# Task
An exact transcript is required of the lines below, from the one containing "5-Tier Shelves with Metal Mesh Door" through the very last; leave every picture out of it.

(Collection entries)
* * *
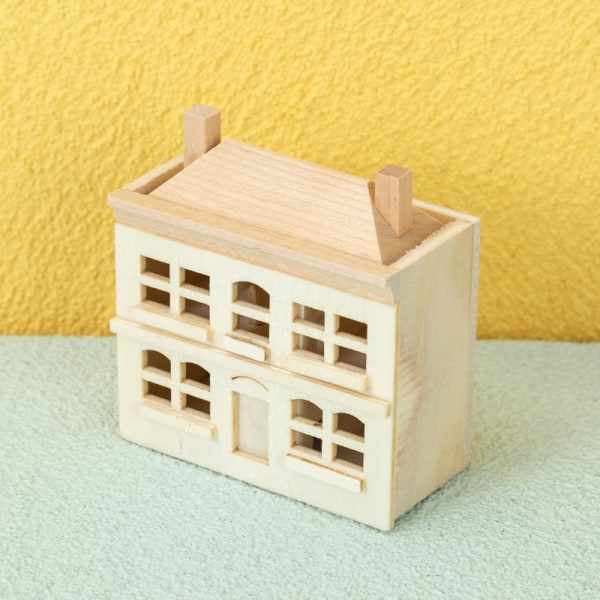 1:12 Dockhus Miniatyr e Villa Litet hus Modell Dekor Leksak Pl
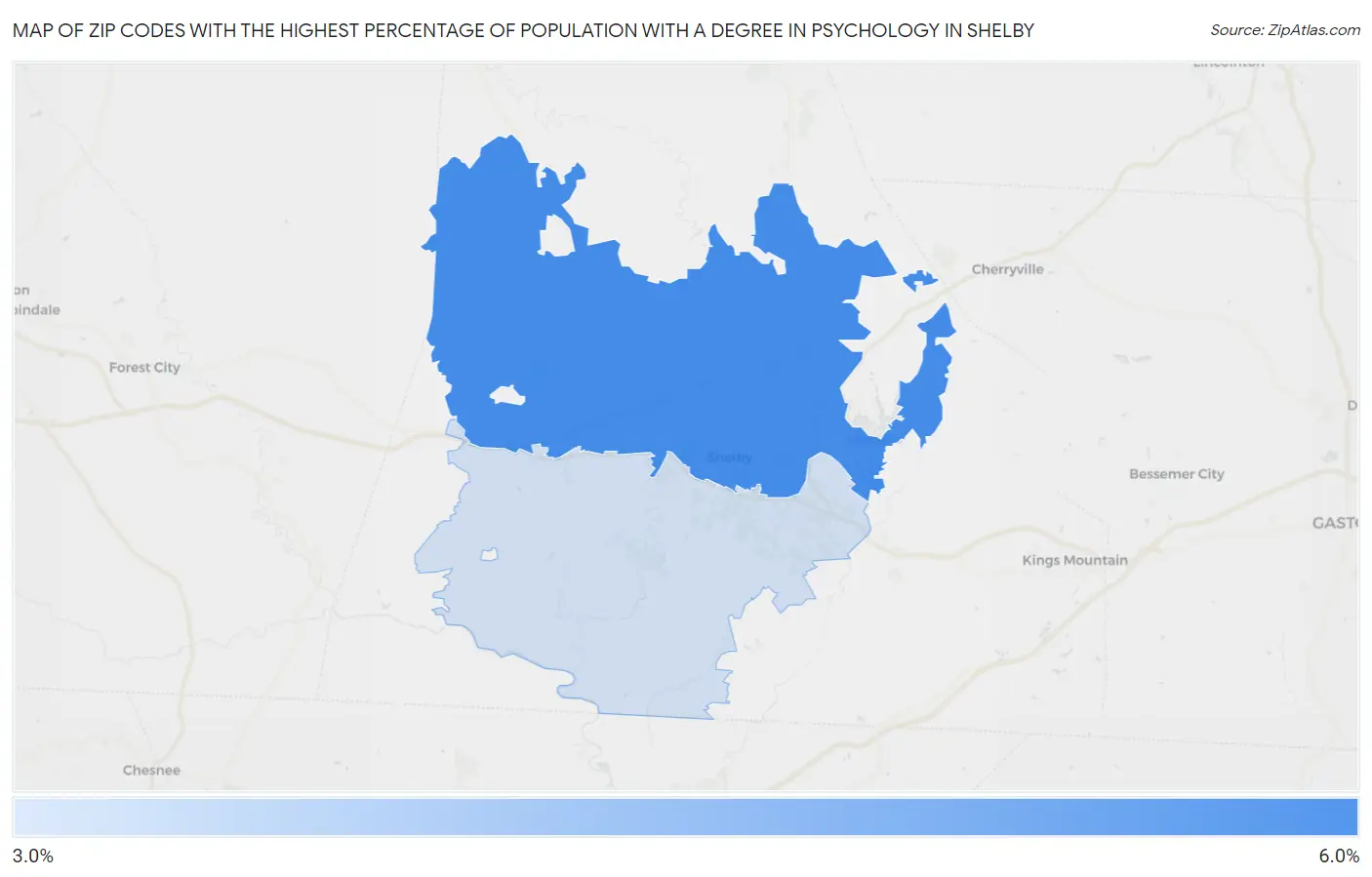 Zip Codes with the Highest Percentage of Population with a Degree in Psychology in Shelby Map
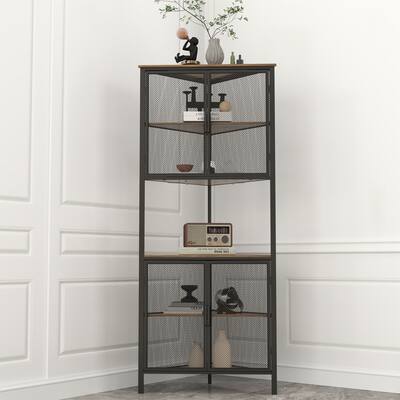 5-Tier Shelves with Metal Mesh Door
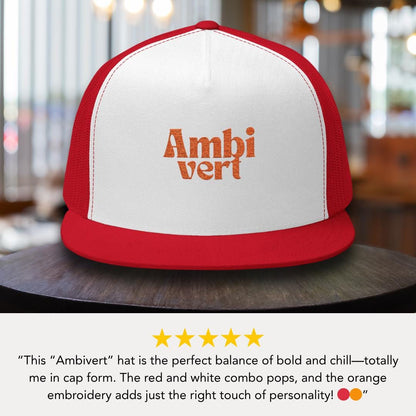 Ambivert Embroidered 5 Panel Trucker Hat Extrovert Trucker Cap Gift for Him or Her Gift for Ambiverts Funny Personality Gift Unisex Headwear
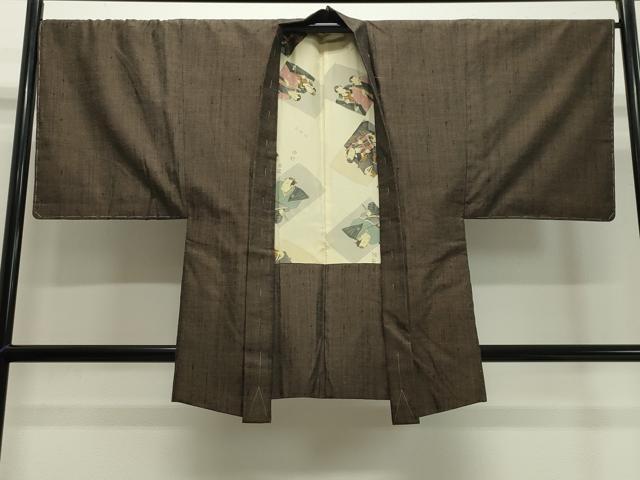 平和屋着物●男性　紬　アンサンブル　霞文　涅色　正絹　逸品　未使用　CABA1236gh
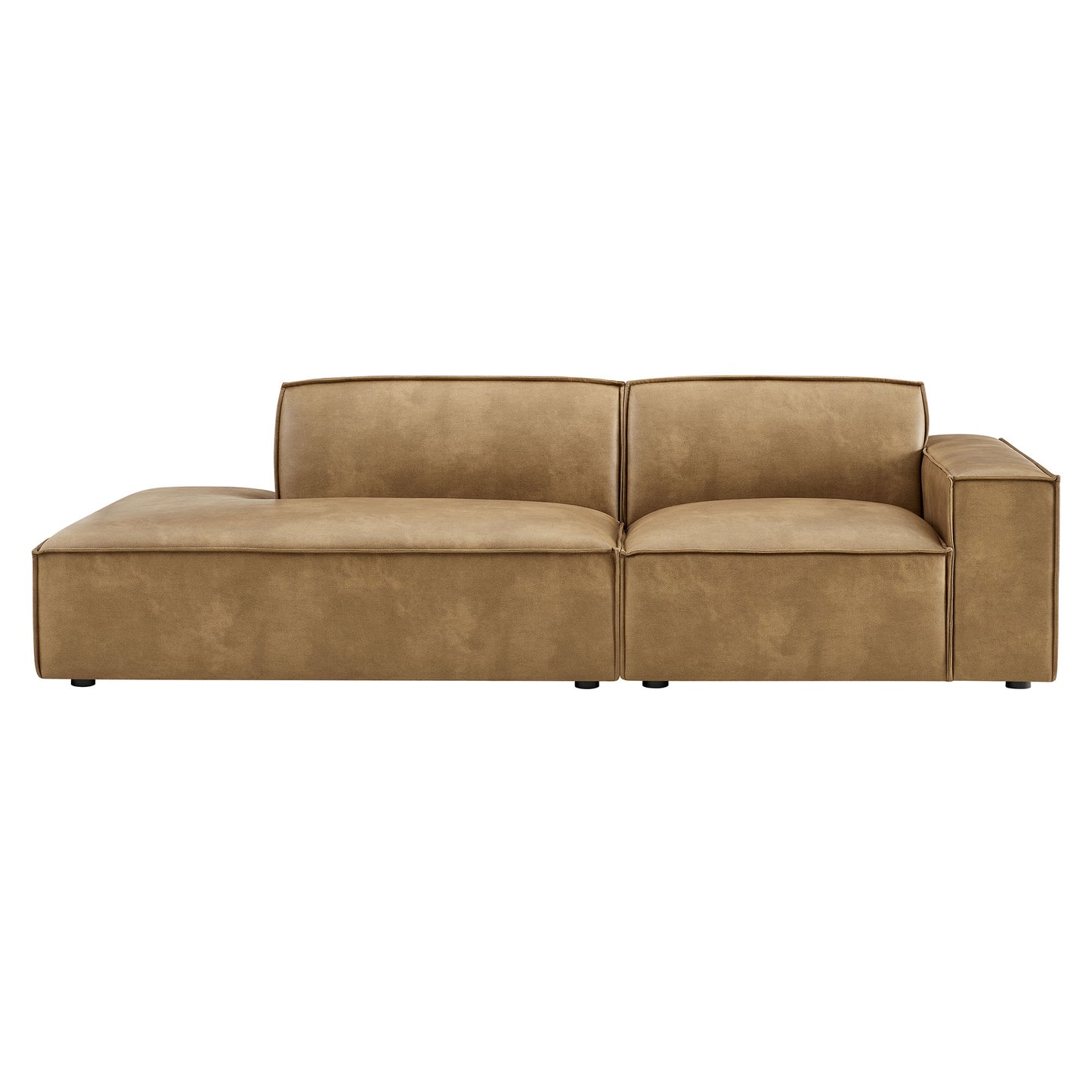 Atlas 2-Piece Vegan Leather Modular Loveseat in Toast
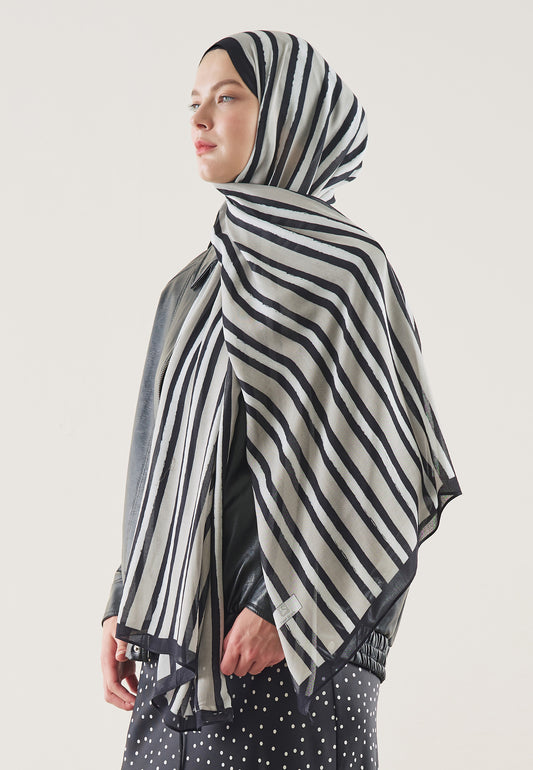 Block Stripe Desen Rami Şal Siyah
* * *
# Response
 5-Tier Shelves with Metal Mesh Door
 Ambivert Embroidered 5 Panel Trucker Hat Extrovert Trucker Cap Gift for Him or Her Gift for Ambiverts Funny Personality Gift Unisex Headwear
 平和屋着物●男性　紬　アンサンブル　霞文　涅色　正絹　逸品　未使用　CABA1236gh
 Atlas 2-Piece Vegan Leather Modular Loveseat in Toast
 Block Stripe Desen Rami Şal Siyah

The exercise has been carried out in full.